Example broker-config.env file:
metadataStoreUrl=zk:zookeeper:2181
clusterName=cluster-a
managedLedgerDefaultEnsembleSize=2
managedLedgerDefaultWriteQuorum=2
managedLedgerDefaultAckQuorum=2
PULSAR_MEM=-Xms4g -Xmx4g -XX:MaxDirectMemorySize=8g
Method 3: Using Docker Volume to mount custom configuration files
You can mount a custom configuration file from the host into the container, bypassing the environment variable mechanism entirely:
docker run -d \
-e PULSAR_MEM="-Xms4g -Xmx4g -XX:MaxDirectMemorySize=8g" \
-v $(pwd)/my-broker.conf:/pulsar/conf/broker.conf \
apachepulsar/pulsar-all:latest \
bin/pulsar broker
Common configuration examples
Below are examples of commonly used configuration properties for BookKeeper and Broker containers. You can add more -e flags to the docker run command shown in Step 3 to customize the behavior.
BookKeeper
docker run -d -e clusterName=cluster-a \
-e zkServers=zookeeper:2181 --net=pulsar \
-e metadataServiceUri=metadata-store:zk:zookeeper:2181 \
# Storage directories: journal for write-ahead logs, ledgers for actual message data
-e journalDirectory=/pulsar/data/bookkeeper/journal \
-e ledgerDirectories=/pulsar/data/bookkeeper/ledgers \
# Disk usage thresholds: bookie will reject writes when usage exceeds these limits
-e diskUsageThreshold=0.95 \
-e diskUsageWarnThreshold=0.90 \
-e diskUsageLwmThreshold=0.87 \
# GC and Compaction: reclaim disk space by removing unused ledger data
-e gcWaitTime=900000 \
-e minorCompactionThreshold=0.2 \
-e minorCompactionInterval=3600 \
-e majorCompactionThreshold=0.5 \
-e majorCompactionInterval=86400 \
# JVM memory
-e BOOKIE_MEM="-Xms4g -Xmx4g -XX:MaxDirectMemorySize=4g" \
# Extra JVM options: appended to JVM flags in the startup script, can override default JVM parameters
-e BOOKIE_EXTRA_OPTS="-XX:+ExitOnOutOfMemoryError" \
# Volume mounts: if possible, use separate physical disks for journal and ledger to improve read/write performance
-v $(pwd)/data/bookkeeper/journal:/pulsar/data/bookkeeper/journal \
-v $(pwd)/data/bookkeeper/ledgers:/pulsar/data/bookkeeper/ledgers \
--name bookie --hostname bookie \
apachepulsar/pulsar-all:latest \
bash -c "bin/apply-config-from-env.py conf/bookkeeper.conf && exec bin/pulsar bookie"
Broker
docker run -d -p 6650:6650 -p 8080:8080 --net=pulsar \
-e metadataStoreUrl=zk:zookeeper:2181 \
-e zookeeperServers=zookeeper:2181 \
-e clusterName=cluster-a \
# Ensemble settings: control how messages are replicated across bookies (must not exceed the number of deployed bookies)

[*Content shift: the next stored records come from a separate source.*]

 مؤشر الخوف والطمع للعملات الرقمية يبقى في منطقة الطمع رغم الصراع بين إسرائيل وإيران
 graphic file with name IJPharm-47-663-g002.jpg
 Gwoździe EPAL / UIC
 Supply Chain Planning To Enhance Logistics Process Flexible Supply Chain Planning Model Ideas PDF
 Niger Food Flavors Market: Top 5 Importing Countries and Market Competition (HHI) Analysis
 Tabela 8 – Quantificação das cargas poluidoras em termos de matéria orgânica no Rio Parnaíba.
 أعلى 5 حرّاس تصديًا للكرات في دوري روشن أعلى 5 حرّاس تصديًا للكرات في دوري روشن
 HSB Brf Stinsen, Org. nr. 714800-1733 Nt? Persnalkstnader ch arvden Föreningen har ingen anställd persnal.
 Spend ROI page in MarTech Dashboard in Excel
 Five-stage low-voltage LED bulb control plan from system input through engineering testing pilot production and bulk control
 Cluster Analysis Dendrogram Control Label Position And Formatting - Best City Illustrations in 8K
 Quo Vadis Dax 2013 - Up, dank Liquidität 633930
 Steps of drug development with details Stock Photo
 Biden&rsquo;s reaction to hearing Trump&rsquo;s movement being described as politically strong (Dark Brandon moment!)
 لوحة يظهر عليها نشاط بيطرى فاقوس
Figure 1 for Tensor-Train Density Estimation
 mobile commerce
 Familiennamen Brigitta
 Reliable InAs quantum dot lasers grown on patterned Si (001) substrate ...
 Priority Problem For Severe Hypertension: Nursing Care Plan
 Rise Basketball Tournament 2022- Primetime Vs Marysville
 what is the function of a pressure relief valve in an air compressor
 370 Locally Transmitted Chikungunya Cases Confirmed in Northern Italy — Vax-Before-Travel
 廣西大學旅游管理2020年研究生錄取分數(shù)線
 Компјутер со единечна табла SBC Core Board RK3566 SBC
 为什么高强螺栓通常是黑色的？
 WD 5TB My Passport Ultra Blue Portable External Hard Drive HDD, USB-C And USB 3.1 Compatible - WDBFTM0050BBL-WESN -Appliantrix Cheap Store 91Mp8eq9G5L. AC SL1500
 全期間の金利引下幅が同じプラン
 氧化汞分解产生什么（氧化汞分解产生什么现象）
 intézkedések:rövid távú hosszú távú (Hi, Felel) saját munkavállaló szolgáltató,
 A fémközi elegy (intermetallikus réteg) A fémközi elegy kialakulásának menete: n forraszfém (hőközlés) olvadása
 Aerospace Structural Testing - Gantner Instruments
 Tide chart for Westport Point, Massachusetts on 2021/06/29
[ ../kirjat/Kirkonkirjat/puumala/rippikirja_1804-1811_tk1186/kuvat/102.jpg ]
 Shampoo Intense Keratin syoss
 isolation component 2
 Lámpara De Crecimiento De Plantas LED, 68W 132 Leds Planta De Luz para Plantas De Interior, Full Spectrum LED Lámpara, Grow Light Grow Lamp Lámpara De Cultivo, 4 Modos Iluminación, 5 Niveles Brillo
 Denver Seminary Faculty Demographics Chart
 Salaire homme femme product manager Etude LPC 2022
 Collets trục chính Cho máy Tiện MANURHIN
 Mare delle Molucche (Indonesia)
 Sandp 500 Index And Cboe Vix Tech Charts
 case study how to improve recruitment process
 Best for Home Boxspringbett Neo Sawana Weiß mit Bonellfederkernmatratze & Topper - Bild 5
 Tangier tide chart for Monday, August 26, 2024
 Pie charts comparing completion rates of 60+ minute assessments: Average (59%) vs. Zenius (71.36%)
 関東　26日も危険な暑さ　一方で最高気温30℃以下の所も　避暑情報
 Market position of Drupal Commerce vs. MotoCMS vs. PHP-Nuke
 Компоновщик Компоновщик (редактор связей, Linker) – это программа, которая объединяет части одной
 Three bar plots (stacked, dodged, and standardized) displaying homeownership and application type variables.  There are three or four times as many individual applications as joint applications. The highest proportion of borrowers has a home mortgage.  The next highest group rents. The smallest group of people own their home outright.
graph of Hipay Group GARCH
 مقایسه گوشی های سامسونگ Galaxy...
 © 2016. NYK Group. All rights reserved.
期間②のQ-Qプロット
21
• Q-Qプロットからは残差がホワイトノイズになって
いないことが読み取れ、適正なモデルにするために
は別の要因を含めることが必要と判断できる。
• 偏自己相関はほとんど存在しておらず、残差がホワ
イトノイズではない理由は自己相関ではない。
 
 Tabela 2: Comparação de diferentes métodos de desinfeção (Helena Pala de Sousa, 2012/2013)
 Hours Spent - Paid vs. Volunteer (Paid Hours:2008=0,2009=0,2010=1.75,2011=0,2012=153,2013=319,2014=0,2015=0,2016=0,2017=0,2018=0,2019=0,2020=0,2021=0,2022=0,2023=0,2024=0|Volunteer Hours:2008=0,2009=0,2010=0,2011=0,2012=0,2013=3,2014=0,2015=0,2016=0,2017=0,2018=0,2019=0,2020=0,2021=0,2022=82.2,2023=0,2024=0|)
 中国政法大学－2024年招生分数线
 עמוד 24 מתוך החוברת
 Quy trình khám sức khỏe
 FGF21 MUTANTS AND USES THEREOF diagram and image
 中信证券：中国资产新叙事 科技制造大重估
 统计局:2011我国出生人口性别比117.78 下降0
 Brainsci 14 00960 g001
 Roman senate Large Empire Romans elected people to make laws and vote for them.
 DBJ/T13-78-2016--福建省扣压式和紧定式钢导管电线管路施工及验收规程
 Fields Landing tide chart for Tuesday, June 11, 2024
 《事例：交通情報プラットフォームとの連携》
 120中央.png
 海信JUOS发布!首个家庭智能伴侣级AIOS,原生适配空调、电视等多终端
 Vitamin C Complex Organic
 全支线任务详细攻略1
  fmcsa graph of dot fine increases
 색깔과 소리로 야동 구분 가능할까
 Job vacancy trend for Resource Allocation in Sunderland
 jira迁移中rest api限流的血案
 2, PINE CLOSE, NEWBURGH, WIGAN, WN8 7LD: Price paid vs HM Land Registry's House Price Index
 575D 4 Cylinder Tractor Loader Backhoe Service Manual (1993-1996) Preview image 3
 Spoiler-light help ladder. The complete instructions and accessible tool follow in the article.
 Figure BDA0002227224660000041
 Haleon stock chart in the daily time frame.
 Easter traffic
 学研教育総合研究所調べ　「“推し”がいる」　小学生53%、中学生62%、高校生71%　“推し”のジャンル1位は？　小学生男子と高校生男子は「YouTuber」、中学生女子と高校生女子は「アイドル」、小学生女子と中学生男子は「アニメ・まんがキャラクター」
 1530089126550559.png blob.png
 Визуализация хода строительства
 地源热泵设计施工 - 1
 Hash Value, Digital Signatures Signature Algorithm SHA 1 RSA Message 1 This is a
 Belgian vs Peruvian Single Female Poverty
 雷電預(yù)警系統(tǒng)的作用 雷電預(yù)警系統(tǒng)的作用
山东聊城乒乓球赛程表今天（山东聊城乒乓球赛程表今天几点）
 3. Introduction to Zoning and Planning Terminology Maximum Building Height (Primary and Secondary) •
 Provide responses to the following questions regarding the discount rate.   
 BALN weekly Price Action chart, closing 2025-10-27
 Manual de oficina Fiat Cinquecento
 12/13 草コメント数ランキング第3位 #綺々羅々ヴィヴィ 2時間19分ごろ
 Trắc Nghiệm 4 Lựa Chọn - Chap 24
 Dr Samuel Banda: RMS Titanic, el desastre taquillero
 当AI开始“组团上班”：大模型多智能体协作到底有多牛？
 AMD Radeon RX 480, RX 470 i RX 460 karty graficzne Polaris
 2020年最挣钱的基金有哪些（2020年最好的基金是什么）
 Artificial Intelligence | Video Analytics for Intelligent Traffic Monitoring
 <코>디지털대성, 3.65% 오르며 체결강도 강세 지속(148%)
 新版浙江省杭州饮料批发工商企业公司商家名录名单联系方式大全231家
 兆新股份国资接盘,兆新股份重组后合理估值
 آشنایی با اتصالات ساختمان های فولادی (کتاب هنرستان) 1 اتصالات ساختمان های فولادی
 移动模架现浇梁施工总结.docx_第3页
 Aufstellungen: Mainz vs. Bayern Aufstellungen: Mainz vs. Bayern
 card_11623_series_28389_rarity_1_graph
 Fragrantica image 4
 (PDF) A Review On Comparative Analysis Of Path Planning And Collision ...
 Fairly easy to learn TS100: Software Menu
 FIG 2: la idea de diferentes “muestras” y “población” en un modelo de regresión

-e managedLedgerDefaultEnsembleSize=2 \
-e managedLedgerDefaultWriteQuorum=2 \
-e managedLedgerDefaultAckQuorum=1 \
# Ports: binary protocol port and HTTP admin port
-e brokerServicePort=6650 \
-e webServicePort=8080 \
# JVM memory
-e PULSAR_MEM="-Xms4g -Xmx4g -XX:MaxDirectMemorySize=8g" \
# Extra JVM options: appended to JVM flags in the startup script, can override default JVM parameters
-e PULSAR_EXTRA_OPTS="-Dio.netty.allocator.maxOrder=13 -Dio.netty.allocator.numDirectArenas=8 -Dio.netty.allocator.maxCachedBufferCapacity=1048576" \
--name broker --hostname broker \
apachepulsar/pulsar-all:latest \
bash -c "bin/apply-config-from-env.py conf/broker.conf && exec bin/pulsar broker"
You can also refer to the default configuration in the Pulsar Helm Chart values.yaml as a tuning reference.